134,59,59,China in Global History,"The Republican Period, 1911–1949",Warlords in Power,Pages 337,337,365.0,368.0,The northwest province of Xinjiang illustrates...,Chinese who believed themselves to be exploite...,"[-0.020467656, 0.022244317, 0.048469592, -0.01..."


## Build QA bot to answer questions

In [None]:
qa_pipeline = pipeline("question-answering", model = "distilbert-base-uncased-distilled-squad")

In [None]:
df_questions = pd.read_excel("/kaggle/input/a-history-of-china-morris-rossabi/QA_dataset.xlsx", sheet_name = 'Sheet1')

In [None]:
df_results = []
c = 0
for row, df_row in df_questions.iterrows():
    question = df_row.Question
    context_info = find_most_similar(question, df_process_pdf, embeddings_model)
    context_list, relevant_rank_list = get_context(context_info)
    # Get the answer
    for context, relevant_rank in zip(context_list, relevant_rank_list):
        result = qa_pipeline(question=question, context=context)
        df_row['generated_answer'] = result['answer']
        df_row['score'] = result['score']
        df_row['relevant_rank'] = relevant_rank
        df_results.append(pd.DataFrame(df_row).T)

In [None]:
df_results = pd.concat(df_results)

## Evaluate the Results Generated From the Model

There are two approaches that I created to generate the answers:

1. Use the texts with highest rank as the context to feed to the QA model, and generate the answer;
2. Use the top 5 highest rank texts as the contexts, and generate the answer for each context. Suming the scores up for each generarted answer and provide the answer with highest total scoring as the final answer.

In [None]:
# first method, we will only use the answer generated from the highest rank context
df_results1 = df_results[df_results['relevant_rank']==1]

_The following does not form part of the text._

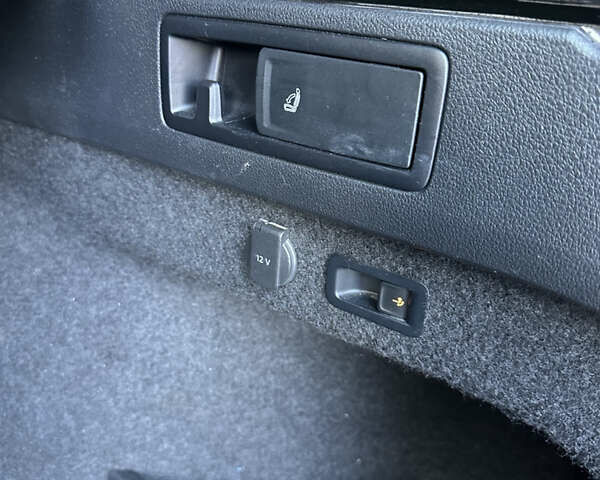 Сірий Фольксваген Пассат Альтрак, об'ємом двигуна 2 л та пробігом 240 тис. км за 25550 $, фото 22 на Automoto.ua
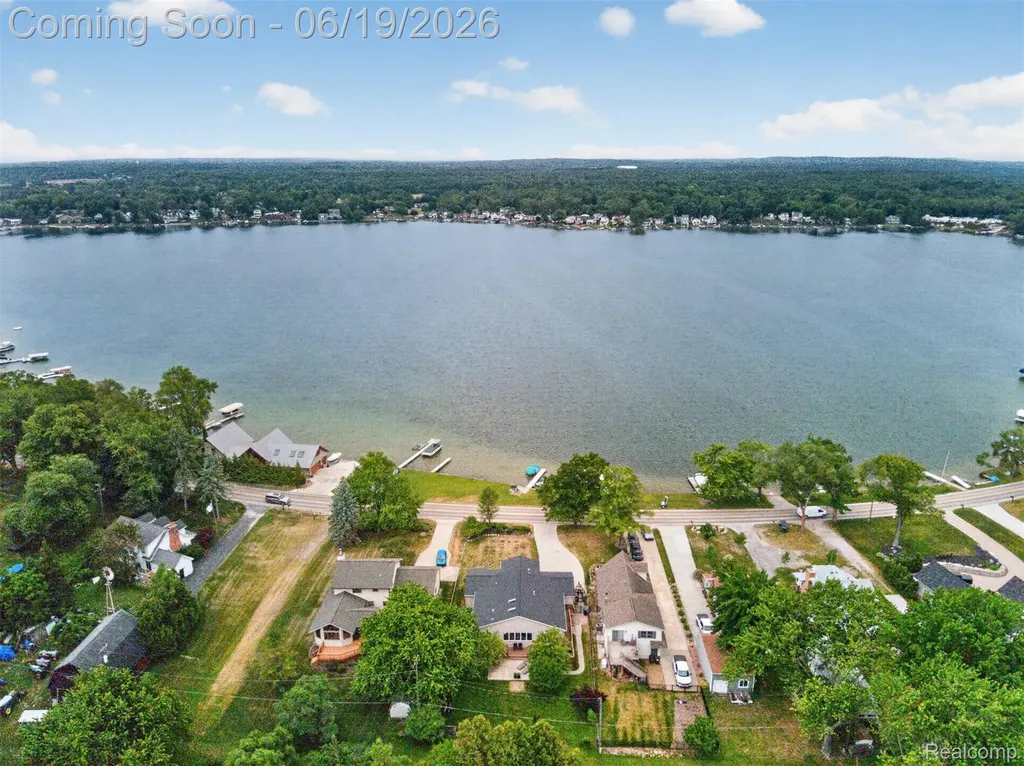 9259 Silverside Green Oak Township MI 48178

df_results1.sort_values('score', ascending=False).head(10)

In [None]:
# second method, we will calculate the total score for each generated answers from the top 5 contexts, then choose the answer with highest score
df_results2 = df_results.groupby(['Question', 'Answer', 'generated_answer'], as_index=False)['score'].sum()
df_results2 = df_results2.sort_values('score', ascending=False).groupby(['Question', 'Answer'], as_index=False).head(1)
df_results2.sort_values('score', ascending=False).head(10)

### Use semantic similarity to evaluate the generated answers against the provided answers

In [None]:
# using sentence transformer to embed the generated answers and the ground truth, so we can calculate the semantic similarity
df_results1['gt_embeddings'] = df_results1['Answer'].apply(lambda x: embeddings_model.encode(x, show_progress_bar = False))
df_results1['predict_embeddings'] = df_results1['generated_answer'].apply(lambda x: embeddings_model.encode(x, show_progress_bar = False))
df_results1['similarity'] = df_results1.apply(generate_similarity_score, axis = 1)

# calculate similarity for results 2
df_results2['gt_embeddings'] = df_results2['Answer'].apply(lambda x: embeddings_model.encode(x, show_progress_bar = False))
df_results2['predict_embeddings'] = df_results2['generated_answer'].apply(lambda x: embeddings_model.encode(x, show_progress_bar = False))
df_results2['similarity'] = df_results2.apply(generate_similarity_score, axis = 1)

In [None]:
df_results1[df_results1['similarity']>=0.8].shape

In [None]:
df_results2[df_results2['similarity']>=0.8].shape

# Future Work

* Improve the accuracy of the context extraction. Currently I comparied the similarity of provided question and each senteces of the book to find the most similar sentence. Then I expand to a block of texts based on window size. However, based on how the question is phrased, sometimes it could lead to the incorrect contexts.

* The question answering model is pre-trained model, the results generated might not be the most optimal yet. However, the proper dataset is lacking currently to finetune the model.